As one of Biram’s international legal counsel, we welcomed him to Montreal to join us as a guest speaker on the occasion of our celebration of the 375th anniversary of Montreal as a “Rights City” in May 2017. Biram had recently been released from yet another round of imprisonment for his anti-slavery work, and during his visit to Canada, also appeared as an expert witness before the Canadian Parliamentary Subcommittee on International Human Rights to share compelling testimony on the deteriorating situation in Mauritania.

Mauritania’s President Mohamed Ould Abdel Aziz (L) shakes hands with China’s President Xi Jinping before their bilateral meeting at the Great Hall of the People in Beijing on September 2, 2018. ANDY WONG/AFP/Getty Images

As we write, Biram has once again become a political prisoner with his arrest last month on the eve of registration for parliamentary elections where he was slated to be an opposition candidate. This latest arrest, however offensive, did not result from his anti-slavery activity. Indeed, as the arresting officers advised him — and as Biram reported to us — the authorities acknowledged that “this arrest is not the result of your political views, or your human rights work, as in previous arrests.”

As it happens, this latest arrest follows the pattern of illegalities and indignities of previous imprisonments, including: arbitrary and illegal arrest without a warrant; torture in detention; denial of the right to counsel; denial of a right to a fair hearing; and trumped-up charges of “voluntary assault,” where his lawyer has been denied access to the police report and the allegedly incriminating prosecutorial evidence.

This latest imprisonment on an “order from above,” as Biram was told, appears intended not only to silence him — and criminalize his freedom of expression — but to prohibit Biram’s participation in the upcoming elections. It is of a piece also with the wave of pre-election arrests of other IRA anti-slavery activists, opposition candidates, and journalists arrested on the same time as Biram.

Simply put, this is not only an assault on the anti-slavery movement, freedom of speech, and the rule of law, though that would be bad enough. It is an assault on the democratic order itself in Mauritania, and on any pretence of democracy; yet this standing assault has been met with hardly any condemnation — let alone outrage — from the international community.

People wait to cast their vote on September 1, 2018 outside a polling station in Nouakchott for the country’s legislative, regional and local elections. AHMED OULD MOHAMED OULD ELHADJ/AFP/Getty Images

It may well be because many in the international community have bought into Mauritania’s narrative that it actually abolished slavery in 1991, from when its Constitution stipulates that, “No one shall be reduced to slavery or to any form of servitude (asservissement) of the human being, or submitted to torture and other cruel, inhuman or degrading treatments … ” It even recognizes that such practices constitute “crimes against humanity.” The painful truth is that Mauritania has not so much abolished slavery as that it remains the last stronghold of slavery. Indeed, as a State Party to the International Convention on the Elimination of All Forms of Racial Discrimination — yet another framing ruse by Mauritania — it is in standing violation of its international legal obligations.

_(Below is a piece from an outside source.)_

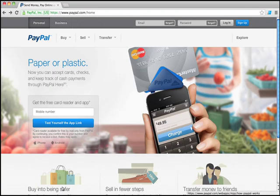Hey there, how's it going? It's Chris Bowser with the Online Auction Learning Center and today I'm going to show you how to create a PayPal account in under two minutes.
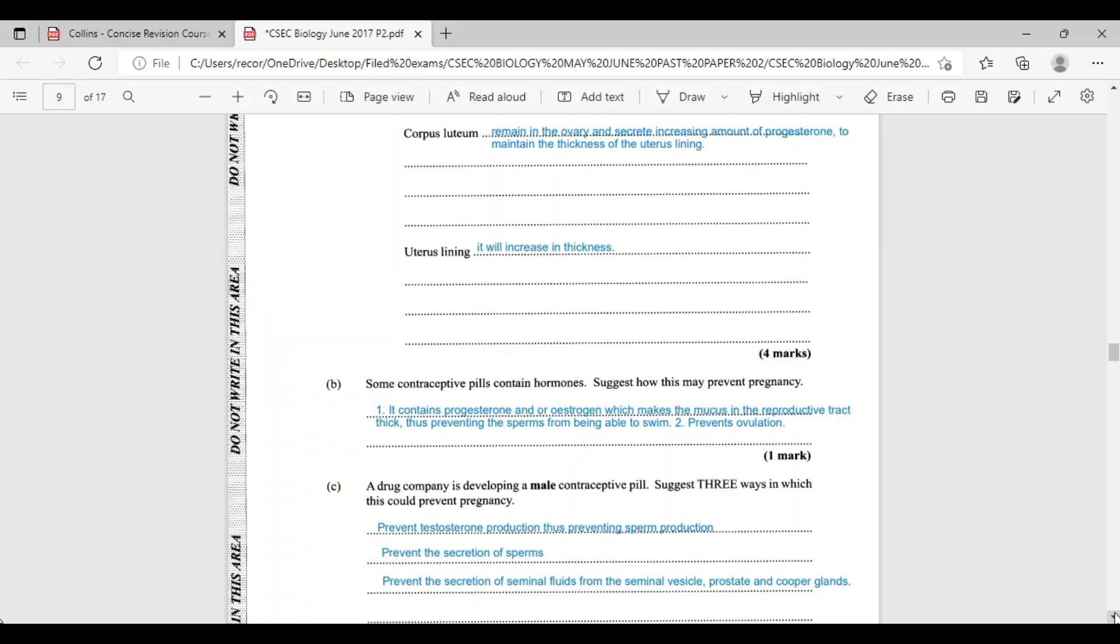It contains progesterone and or estrogen, which makes the mucous in the reproductive tract thick, thus preventing the sperm from being able to swim.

Mauritania is not only criminalizing the opponents of slavery, it is even preventing them from exercising any of their fundamental rights, including that of participating in elections. In short, it is a repository of both slavery and tyranny, and deserves the opprobrium and shaming of the international community. A first step in exposing and unmasking Mauritanian duplicity and criminality must be the immediate freeing of Biram and permitting him to be a candidate in the elections.

Irwin Cotler is the chair of the Raoul Wallenberg Centre for Human Rights and former minister of justice and attorney-general of Canada. He has been acting as one of Biram Dah Abeid’s international legal counsel. Judith Abitan is the executive director of the Raoul Wallenberg Centre for Human Rights, which has adopted Biram Dah Abeid’s case and cause as part of its International Political Prisoner Advocacy Project.